# Sandy Point fishing report



## Fresh/Saltmaniac (Apr 17, 2010)

Fished the jetty near the bay bridge today with bw and shrimp. I was catching spot on every cast but my largest was about 5 inches. I also live lined them on my surf rod and was bringing back half a spot ( I guess small blues). Lots of dead bunker foating around too. Anyone else had a similar experience at Sandy Point lately? Any croakers or larger spot?


----------



## rarod58 (Jun 24, 2010)

Fresh/Saltmaniac said:


> Fished the jetty near the bay bridge today with bw and shrimp. I was catching spot on every cast but my largest was about 5 inches. I also live lined them on my surf rod and was bringing back half a spot ( I guess small blues). Lots of dead bunker foating around too. Anyone else had a similar experience at Sandy Point lately? Any croakers or larger spot?

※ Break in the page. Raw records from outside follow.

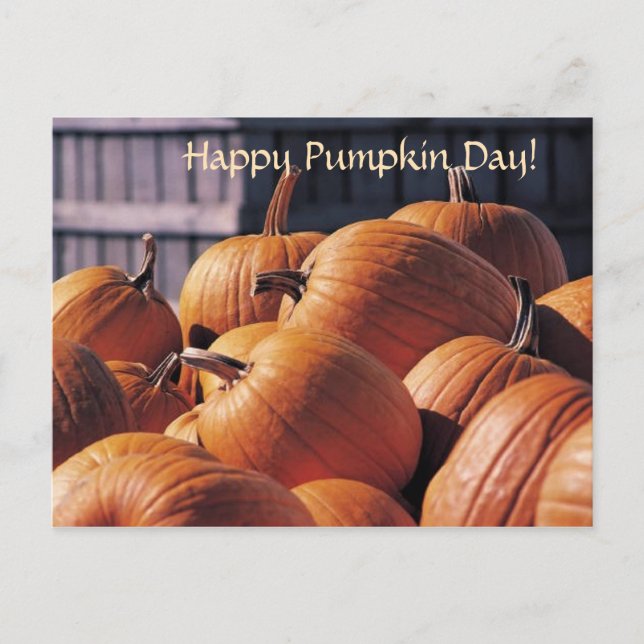 Abóboras em uma Caixa - Cartão Postal de Halloween (Frente)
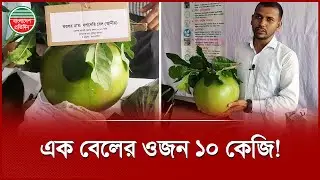 ফল মেলায় &lsquo;১০ সেরি বেল&rsquo; দেখতে দর্শনার্থীদের ভিড় | Fruit Fair | Blue Water Park Cumilla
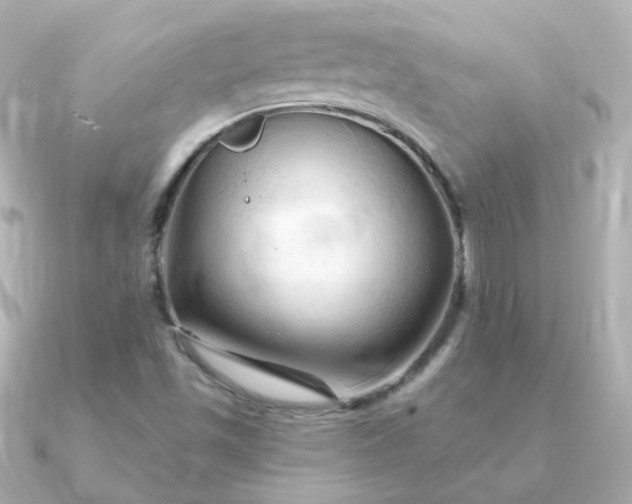 X0000090891501200708101353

Fished the east side this afternoon. No luck either, spots were there, really small ones. Used them for live lining too but similarly, they were torn to bits - most probably by crabs. Had to pack up early when a family of four decided to claim real-estate 5 feet away from me (with 2 kids frolicking like I didn't exist, and a couple of casts by the mother crossed my lines). Of well...maybe next week. Didn't feel like getting into a battle of words or stares. Have a good week everyone!


----------



## Fresh/Saltmaniac (Apr 17, 2010)

I had a similar problem, a guy in a boat kept riding by too close to the jetty and cut my line with his prop. I asked him not to get too close but he either didn't hear me, didn't understand english, or was trying to get on my nerves.


----------